-- Opening Marker --

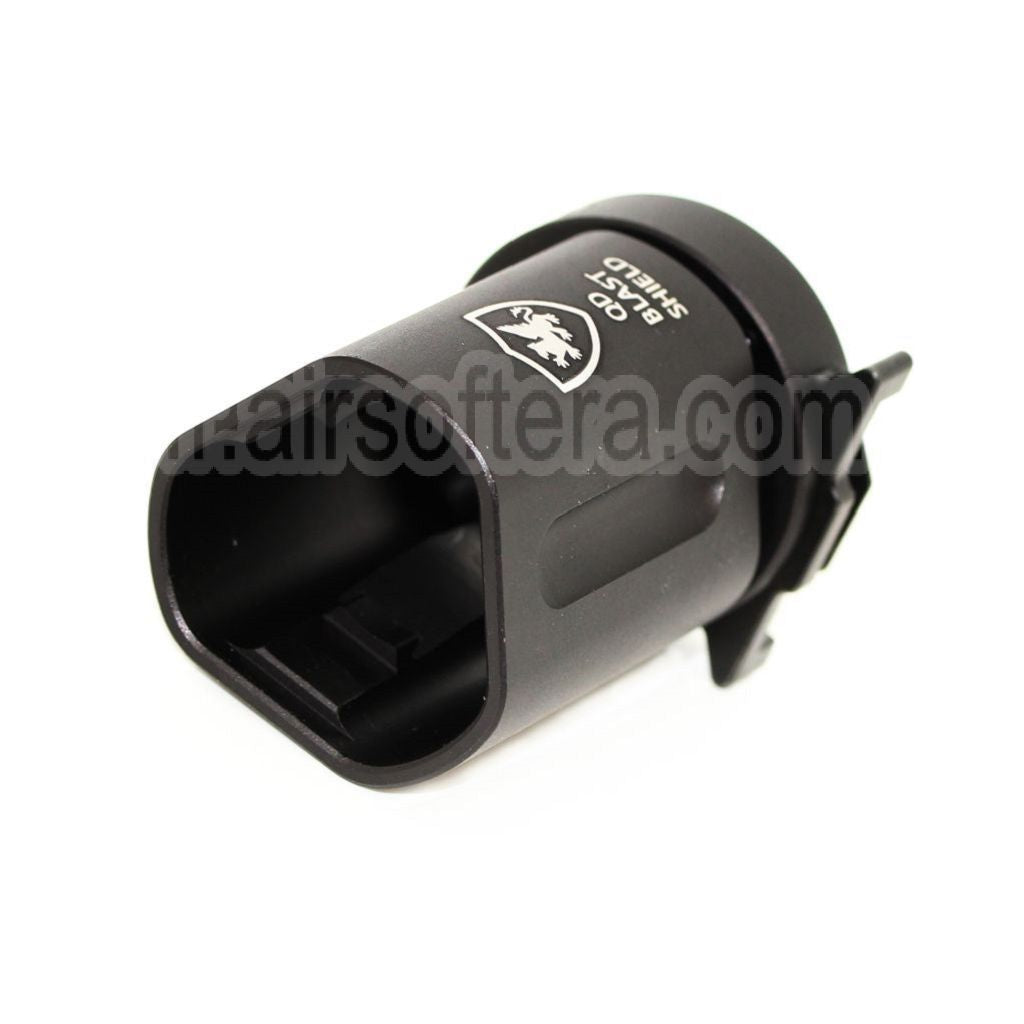 PTS Griffin Armament QD Blast Shield Noir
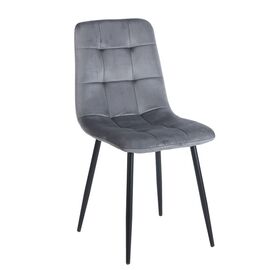 OSCAR GREY VELVET ΥΦΑΣΜΑ ΚΑΡΕΚΛΑ ΜΕΤΑΛΛΙΚΗ 43Χ51Χ50-90εκ. - ΚΑΡΕΚΛΕΣ - ΠΟΛΥΘΡΟΝΕΣ ΕΣ. στο Milonadakis.gr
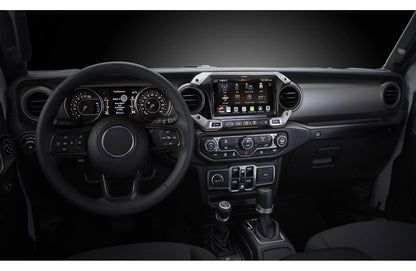 Alpine Restyle i509-WRA-JL Custom-fit digital receiver, wired or wireless Apple CarPlay and Android Auto, AM/FM, No Discs - 9" screen (select 2018-up Wrangler JL and 2020-up Gladiator JT)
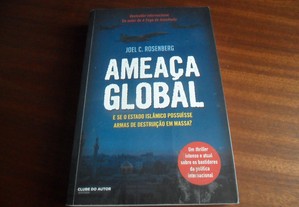 "Ameaça Global" de Joel C. Rosenberg - 1ª Edição de 2016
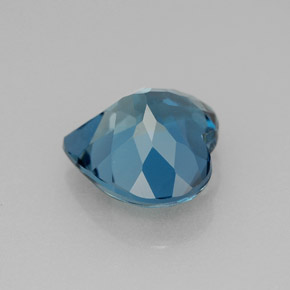 Topazio naturale blu da 4,23 ct, a forma di cuore, VVS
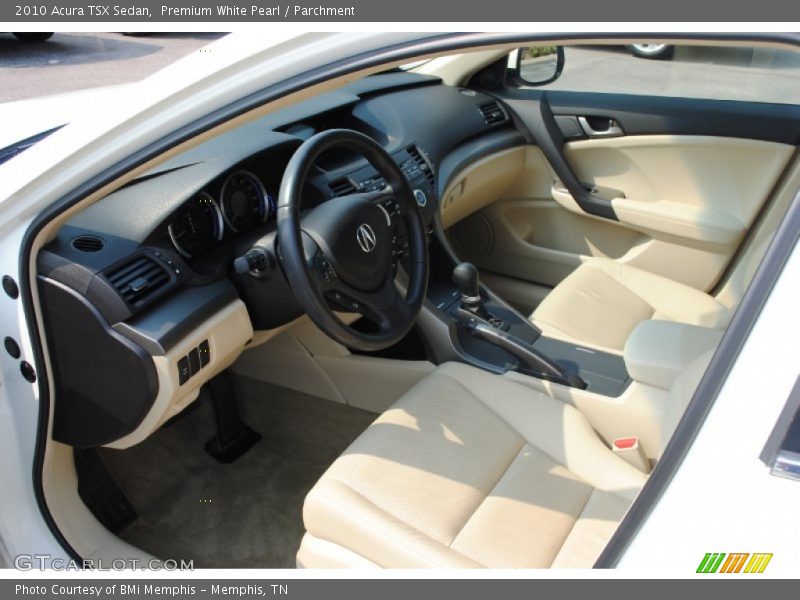 Premium White Pearl / Parchment 2010 Acura TSX Sedan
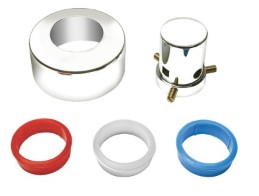 CAPPUCCIO UNIVERSALE IN KIT PER RUBINETTI E  VALVOLE A SFERA AD INCASSO ART.CAU01PLUS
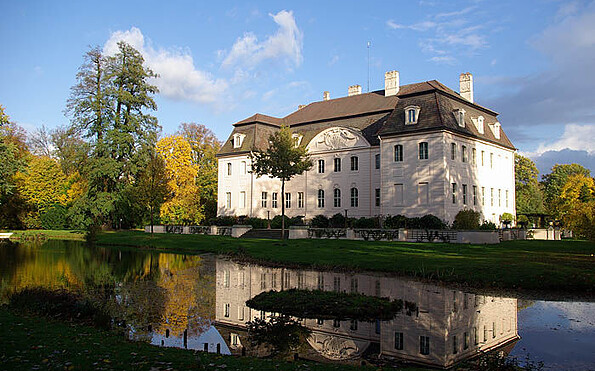 Branitzer Park (Blick auf das Schloss), Foto: Marlies Kross, Theaterfotografin Staatstheater Cottbus, Lizenz: Brandenburgische Kulturstiftung Cottbus-Frankfurt (Oder)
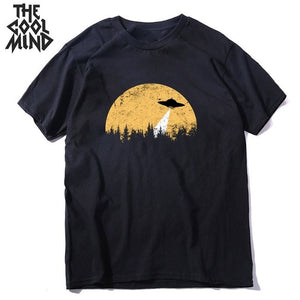 COOLMIND short sleeve 100% cotton cool space men T shirt casual summer loost men tshirt cool o-neck t-shirt male men tee shirt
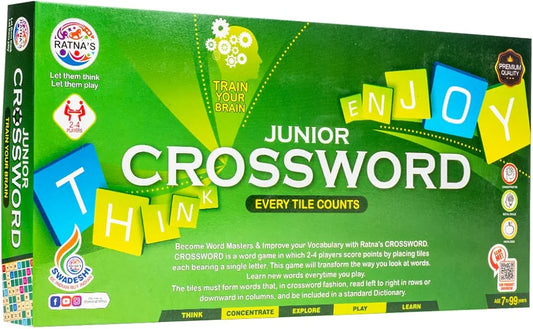 Junior Crossword Educaional Word Game for Kids 7 years above age old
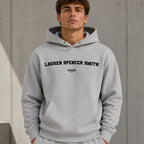 Lauren Spencer Smith name-print hoodie - grey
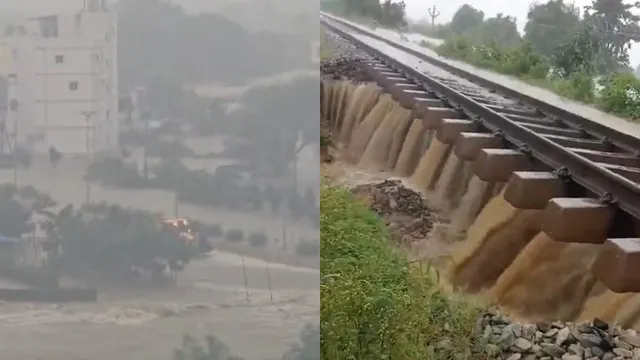 Heavy Rains: వర్షాలకు అతలాకుతలం అవుతున్న కామారెడ్డి.. కొట్టుకుపోయిన రైల్వే ట్రాక్.. ఈ జిల్లాలకు రెడ్ అలర్ట్ జారీ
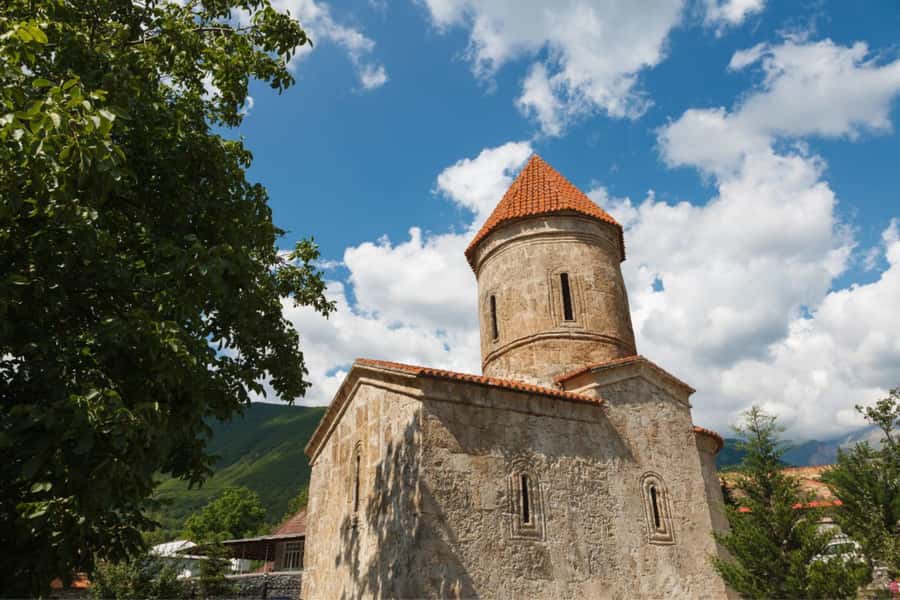 Full day Tour to Sheki: 4 regions of Azerbaijan in 1 day - The Sheki Khan Palace rewards the long ride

-- Closing Marker --

# WORK INSTRUCTION
I'd like every record printed exactly, with the pictures left out.

# ANSWER BOX
 PTS Griffin Armament QD Blast Shield Noir
 OSCAR GREY VELVET ΥΦΑΣΜΑ ΚΑΡΕΚΛΑ ΜΕΤΑΛΛΙΚΗ 43Χ51Χ50-90εκ. - ΚΑΡΕΚΛΕΣ - ΠΟΛΥΘΡΟΝΕΣ ΕΣ. στο Milonadakis.gr
 Alpine Restyle i509-WRA-JL Custom-fit digital receiver, wired or wireless Apple CarPlay and Android Auto, AM/FM, No Discs - 9" screen (select 2018-up Wrangler JL and 2020-up Gladiator JT)
 "Ameaça Global" de Joel C. Rosenberg - 1ª Edição de 2016
 Topazio naturale blu da 4,23 ct, a forma di cuore, VVS
 Premium White Pearl / Parchment 2010 Acura TSX Sedan
 CAPPUCCIO UNIVERSALE IN KIT PER RUBINETTI E  VALVOLE A SFERA AD INCASSO ART.CAU01PLUS
 Branitzer Park (Blick auf das Schloss), Foto: Marlies Kross, Theaterfotografin Staatstheater Cottbus, Lizenz: Brandenburgische Kulturstiftung Cottbus-Frankfurt (Oder)
 COOLMIND short sleeve 100% cotton cool space men T shirt casual summer loost men tshirt cool o-neck t-shirt male men tee shirt
 Junior Crossword Educaional Word Game for Kids 7 years above age old
 Lauren Spencer Smith name-print hoodie - grey
 Heavy Rains: వర్షాలకు అతలాకుతలం అవుతున్న కామారెడ్డి.. కొట్టుకుపోయిన రైల్వే ట్రాక్.. ఈ జిల్లాలకు రెడ్ అలర్ట్ జారీ
 Full day Tour to Sheki: 4 regions of Azerbaijan in 1 day - The Sheki Khan Palace rewards the long ride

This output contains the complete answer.